本書はそういう人が書いたAI入門書で、期待通り非常にユニークでしかもためになる本になっている。著者が書いているように、AIの専門家が書いた本は一般向きと称していても素人には理解できないものがほとんどである。そもそも読む気もおきない。読んでもらえなければ何を書いても意味がないという指摘は、AI専門家の一人である評者には耳の痛い。しかしその指摘は正しい。こういうことになる理由は、たとえ一般向きの本でも、AI専門家は一般の評判ではなくAI専門家の評判の方を気にするからである。結果として、専門的には間違いがないが面白くもなんともない本になってしまう。
本書は著者がゲームソフトに用いた遺伝的アルゴリズムとニューラルネットワークを中心に、図や具体例をふんだんに用いて説明している。その説明も先生が生徒を見下ろして話す調子ではなく読者と同じレベルでなされており、とてもわかりやすい。本の装丁も教科書調ではなくソフトなので、従来のAIの本を敬遠していた人も読む気がおきるだろう。むずかしい数式なしに遺伝的アルゴリズムとニューラルネットワークをこれほどうまく説明できるとはすばらしい。

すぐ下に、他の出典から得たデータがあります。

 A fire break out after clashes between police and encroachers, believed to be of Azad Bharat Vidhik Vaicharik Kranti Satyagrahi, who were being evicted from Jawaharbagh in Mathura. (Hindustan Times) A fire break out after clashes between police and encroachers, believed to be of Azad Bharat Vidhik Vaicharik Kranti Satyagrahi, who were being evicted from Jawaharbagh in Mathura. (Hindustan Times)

むずかしいことは思いきってはしょっているのでもちろん厳密性には欠けるところもあるが、厳密性が気になるのは専門家だけなのでまったく問題ない。著者が後書きで自分のことを「素人をだませる程度にはAIに詳しい」と書いているが、専門家向きの本を書くより一般向けの本を書く方がはるかにむずかしいことを考えれば、著者の「素人をだます」能力はきわめて高いと言えるだろう。